Ateşi, Tanrılardan çalarak insanlığa ulaştıran Prometheus’un, çılgınca başkaldırısının ardından korkunç bir şekilde cezalandırıldığını biliyorsunuz. Ayrıca insanlık tarihine de ilk devrimci olarak geçtiğini tarihin sayfalarında defalarca okuduğunuza eminim. Benim meselem Prometheus’a bir hayır duası ettikten sonra sözü başka yere getirmek.
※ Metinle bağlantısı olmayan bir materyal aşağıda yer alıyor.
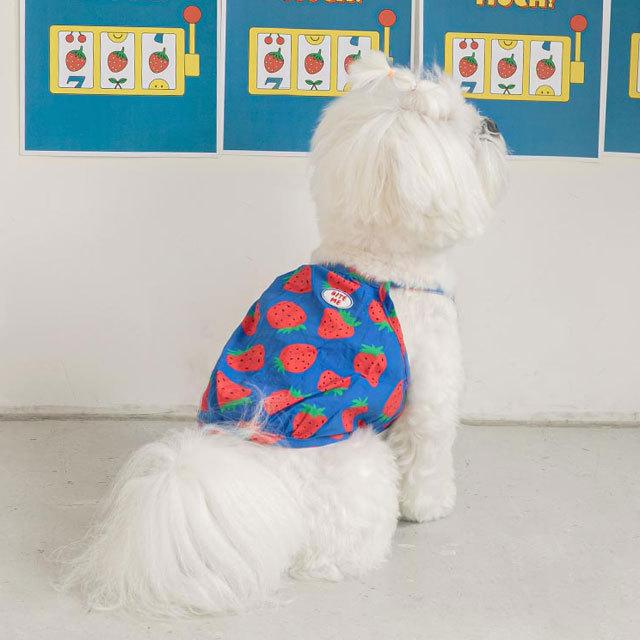 犬 服 洋服 犬の服 かわいい 可愛い おしゃれ いちご イチゴ 苺 biteme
Aslında ateşi, zahmet edip bizim için çalmasından biraz da suçluluk duyan Albert Camus tarafından kışkırtıldığımı sanıyorum. Konuya direkt gelmek gerekirse, ‘Prometheus Cehennemde’ başlıklı yazısıyla Albert Camus haklı mıdır yoksa değil midir? Tam olarak bunu düşünüyorum. Yaz boyunca da düşünmeden edemedim çünkü satır aralarında insanlığın bu çabaya değmeyeceği noktada olduğunu taa 1946 yılından, tünelin başka bir ucuna bakarak söylemiş Camus. Oysa bugün 2018 yılının dünyasında ve daha açık konum belirtirsem Türkiye’sinde, insanların her gelişmeyi benimsediği, çöpleri sokaklara fırlattığı, kendini hunharca dağıttığı, hayvanlara eziyet ettiği ve birbirine fevkalade nobran davrandığı böyle bir cehennemde ilk pişmanlığı Albert Camus mu yaşardı yoksa ateşi çaldığı güne Prometheus lanet mi ederdi? Belki de asıl cehennemde olan insanlık deyip arkasına bile bakmadan kaçar giderdi.
“Kısır zamana, çıplak ağaçlara, dünyanın kışına boyun mu eğiyorum?” Albert Camus, 1946 yılına sitem ederken kendi çağına böyle seslenir. Cehennemin açık kapısı önünde bekleyenler arasında yerini aldığını “Cehennemdeydik, bir daha da çıkmadık” sözleriyle tarif eder. Prometheus gibi olamayan insanlığın ateşsiz ve güneşsiz yıllara razı olduğunu açıkça itiraf eder. Son yüzyılı saran ruhun yaşlılık olduğunu savunur.
“Gemiye binmedim” derken de değişen dünyaya cesur bir yumruk indiremediğini anlatmaya çalışır Camus. Hiç düşünmeden Prometheus’dan devraldığı devrimcilik ateşiyle yanan ruhunu oracıkta harlar. Cesurca kavrulur.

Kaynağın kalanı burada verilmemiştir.